Throughout the lecture, Nadelmann touched on a number of interesting thoughts, one of which questioned the historical existence of a sober society. “There’s probably never been a drug-free society,” he said. “Virtually every society has ingested psychoactive substances to deal with pain, increase our energy, socialize, even commune with God.”
“Our desire to alter our consciousness, maybe, is fundamental as our desires for food, companionship and sex,” he continued. “So, our true challenge is to learn how to live with drugs so they cause the least possible harm, and in some cases, the greatest possible benefit.”
The concept of illegal drugs, according to Nadelmann, only exists so the federal government can continue to exploit downtrodden populations. “The reason some drugs are legal and others are not has nothing to do with science or health or the risk of drugs, and everything to do with who uses, and is perceived to use, certain drugs,” he said. “If the principle smokers of cocaine were affluent older white men and the principal users of Viagra were young black men, using Viagra would land you time behind bars.”
Interestingly, he points out that during the late 19th century, most of the drugs that are illegal today were sold legally in drug stores all across the country. It was not until hundreds of thousands of opium smoking Chinese railroad workers started showing up in America that prohibition laws began to rear its ugly head. This was brought on by fears that immigrants were going to transform wholesome white women into dope fiends and sex slaves – a ridiculous display of racism that has resulted in the majority of prohibition laws.
These days, Nadelmann said, racial fears have shifted and now the majority of the weight rests heavy on the children, which seems to keep us from making significant changes to drug policy. “Sometimes it seems like the entire war on drugs gets justified as one great big child protection act,” he said, adding that he does not want kids to use drugs, but if they do, their safety is of the utmost importance.

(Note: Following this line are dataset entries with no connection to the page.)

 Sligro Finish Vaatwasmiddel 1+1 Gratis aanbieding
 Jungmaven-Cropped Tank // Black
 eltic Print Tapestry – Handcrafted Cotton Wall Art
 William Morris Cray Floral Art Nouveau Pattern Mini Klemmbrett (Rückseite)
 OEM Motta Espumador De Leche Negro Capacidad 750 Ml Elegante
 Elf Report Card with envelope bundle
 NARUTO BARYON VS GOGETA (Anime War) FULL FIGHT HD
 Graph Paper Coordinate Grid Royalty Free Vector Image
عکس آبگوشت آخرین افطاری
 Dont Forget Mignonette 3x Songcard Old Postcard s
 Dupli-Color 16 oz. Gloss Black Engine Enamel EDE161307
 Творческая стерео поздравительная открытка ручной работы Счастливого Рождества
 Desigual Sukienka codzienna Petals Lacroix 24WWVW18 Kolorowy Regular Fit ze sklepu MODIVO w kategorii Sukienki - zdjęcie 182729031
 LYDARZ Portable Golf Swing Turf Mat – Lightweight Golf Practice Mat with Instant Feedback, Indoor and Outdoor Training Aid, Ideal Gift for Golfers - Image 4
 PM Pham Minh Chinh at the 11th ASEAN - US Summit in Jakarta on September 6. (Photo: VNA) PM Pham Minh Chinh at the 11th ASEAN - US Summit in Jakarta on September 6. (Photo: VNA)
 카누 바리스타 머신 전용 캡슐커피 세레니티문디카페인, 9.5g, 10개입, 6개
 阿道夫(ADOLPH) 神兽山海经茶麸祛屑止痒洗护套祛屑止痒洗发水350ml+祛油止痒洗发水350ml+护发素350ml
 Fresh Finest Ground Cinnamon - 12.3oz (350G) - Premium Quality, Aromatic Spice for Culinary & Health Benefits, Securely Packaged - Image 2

“I’ve dedicated my life to building an organization and a movement of people who believe we have no choice but to turn our back on the failed prohibitions of the past and embrace new drug policies grounded in science, compassion, health and human rights,” said Nadelmann. ”We come from across the political spectrum and almost every other spectrum as well. We’re people who love drugs, people who hate drugs, and people who don’t give a damn about drugs, but every one of us believe that this war on drugs — this heartless and disastrous war on drugs — has got to end.”